# REQUIREMENT
An exact copy of every record below is needed, with the pictures left out.

[Short text fragments from websites]

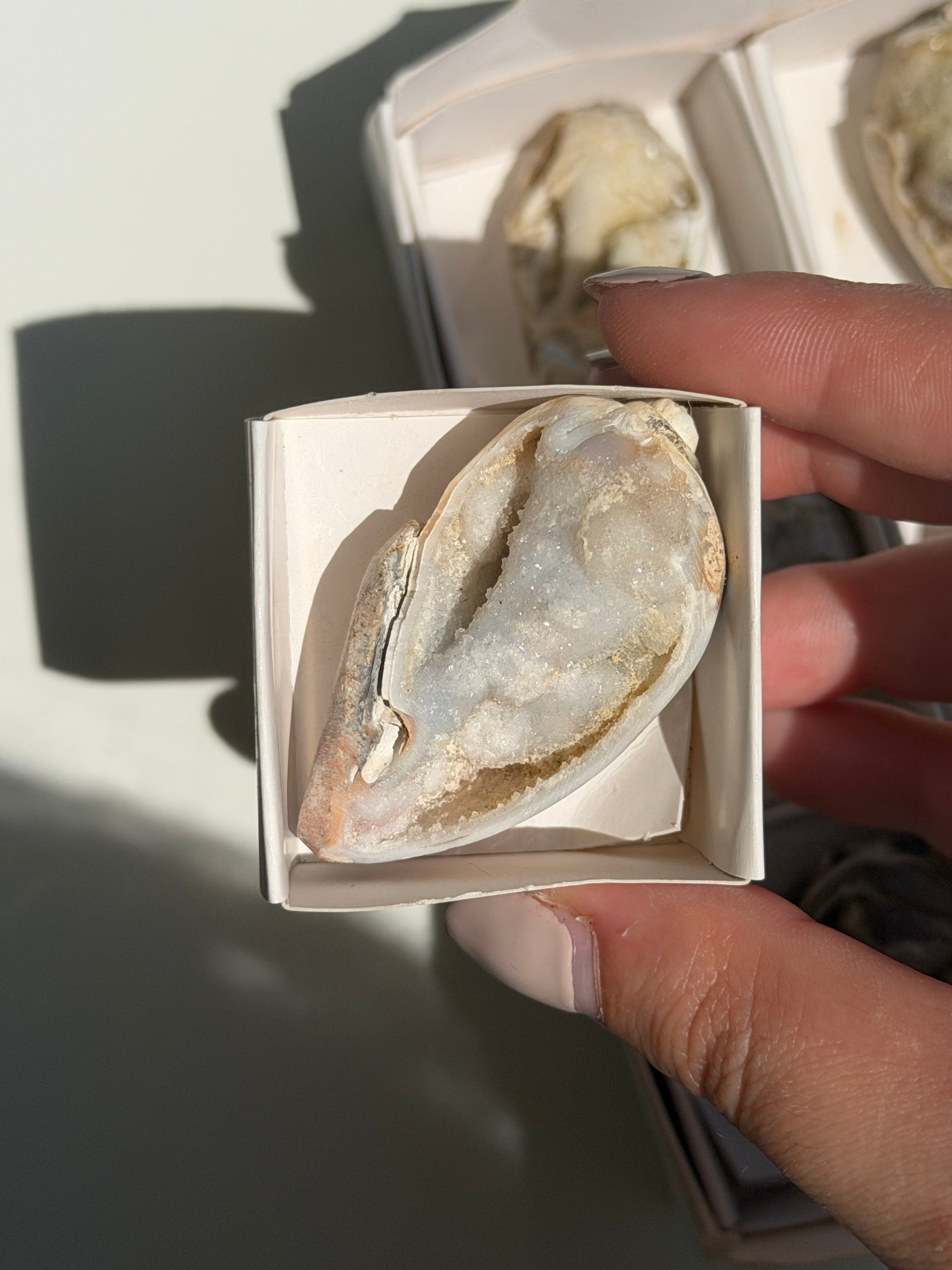 Conchiglia cristallizzata druzy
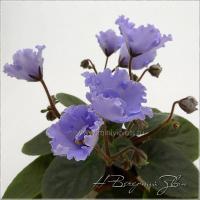 Н-Вечерний Звон (миниатюра) (л/ср) - код Ф249 **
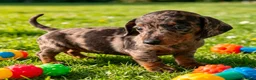 Miniature Dachshund dogs for sale: 🐾 Gorgeous Miniature Dachshund Puppies 🐾 - Advert 15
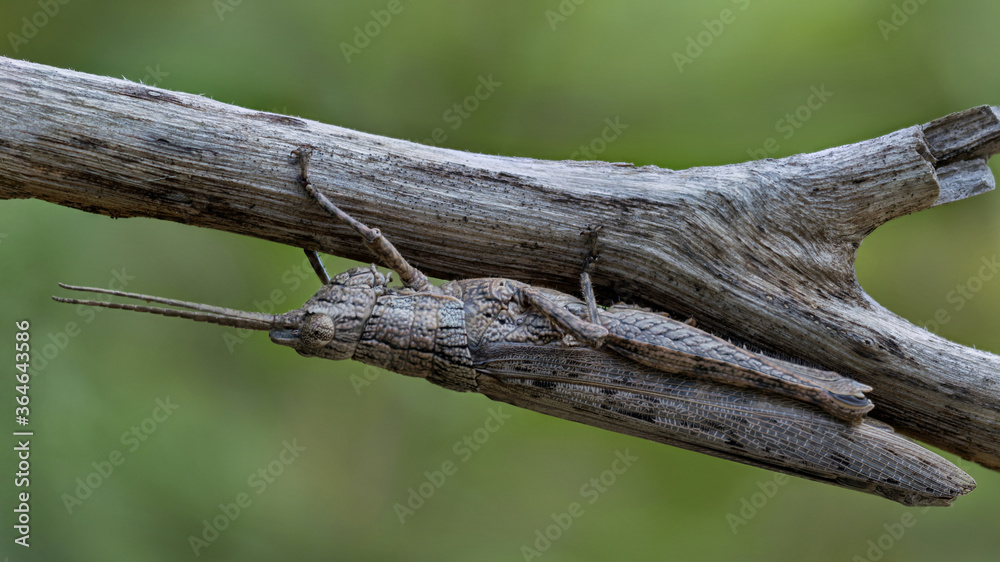 Fototapeta premium Common Adreppus or Stem Grasshopper (Adreppus fallax) under a branch - they feed at night & rest under branches or on tree trunks during the day, cleverly camouflaged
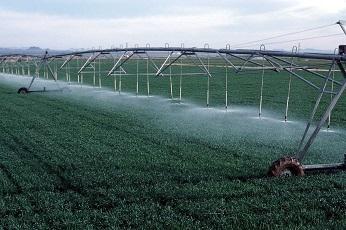 Pivot Irrigation Yuma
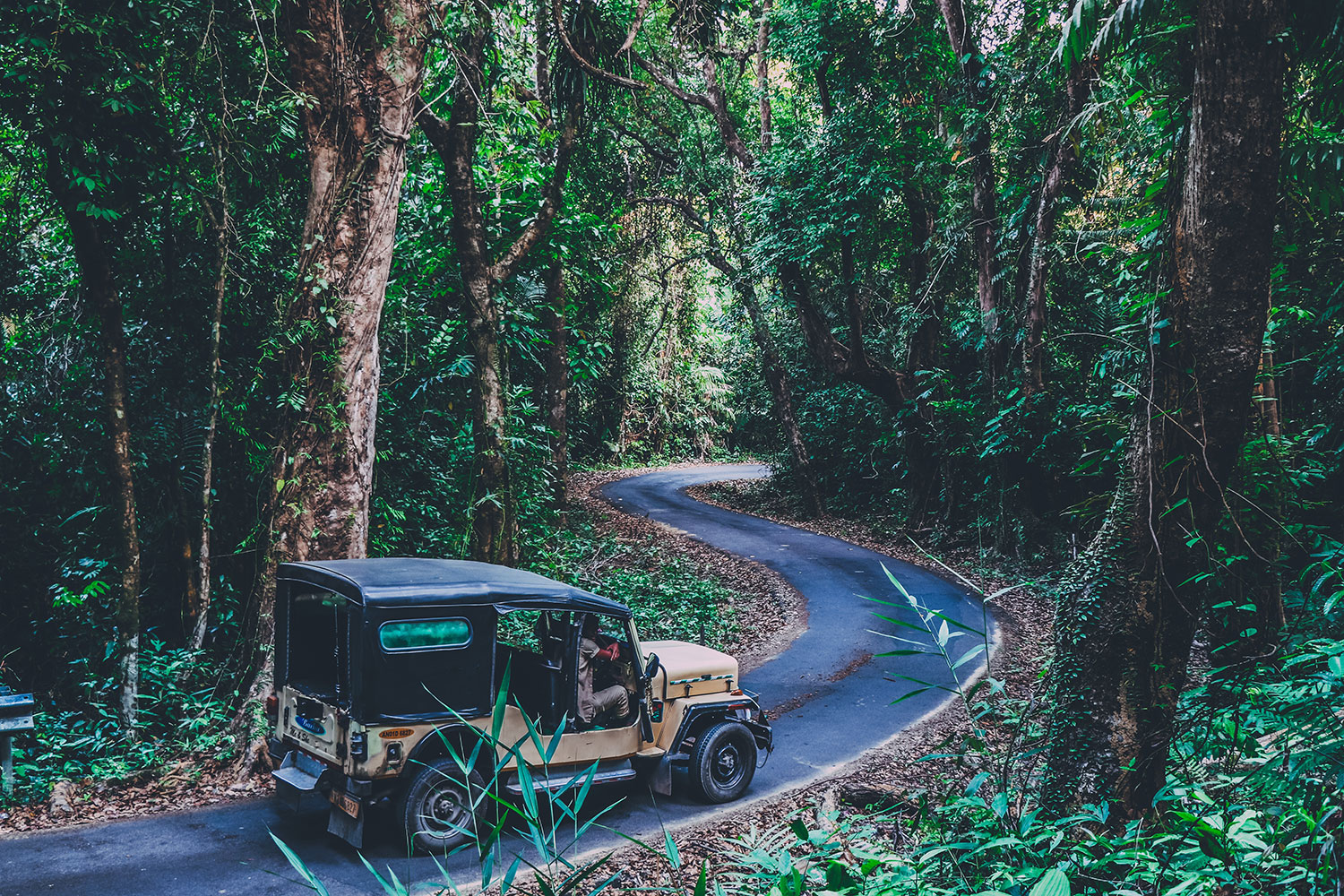 Port Blair, Índia. Créditos: Pinakeen Bhatt via Unsplash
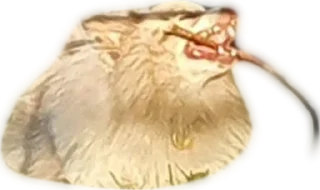 Стикер Atlas the German Spitz - 2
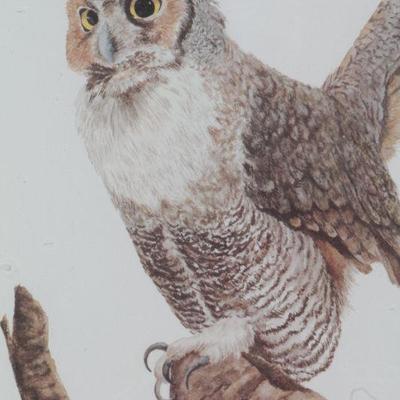 Lot 2-156: Vintage Framed 1974 Signed WILLOWEISE Owl Numbered Artwork #662/1000 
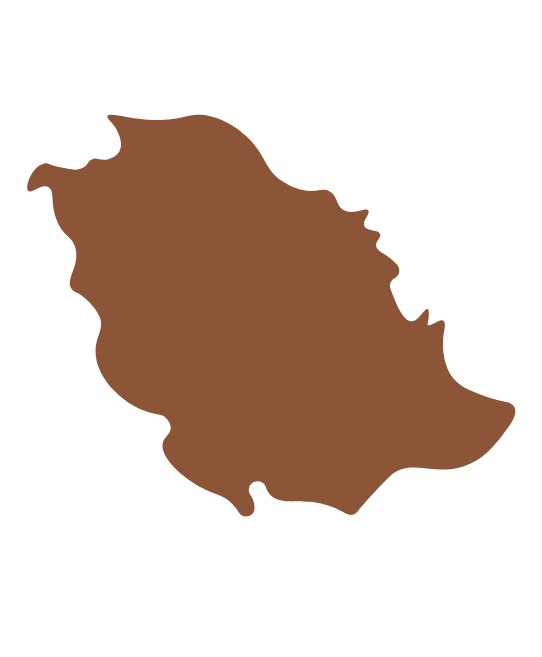 Saudi Arabia map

# RESPONSE AREA
 Conchiglia cristallizzata druzy
 Н-Вечерний Звон (миниатюра) (л/ср) - код Ф249 **
 Miniature Dachshund dogs for sale: 🐾 Gorgeous Miniature Dachshund Puppies 🐾 - Advert 15
 Fototapeta premium Common Adreppus or Stem Grasshopper (Adreppus fallax) under a branch - they feed at night & rest under branches or on tree trunks during the day, cleverly camouflaged
 Pivot Irrigation Yuma
 Port Blair, Índia. Créditos: Pinakeen Bhatt via Unsplash
 Стикер Atlas the German Spitz - 2
 Lot 2-156: Vintage Framed 1974 Signed WILLOWEISE Owl Numbered Artwork #662/1000 
 Saudi Arabia map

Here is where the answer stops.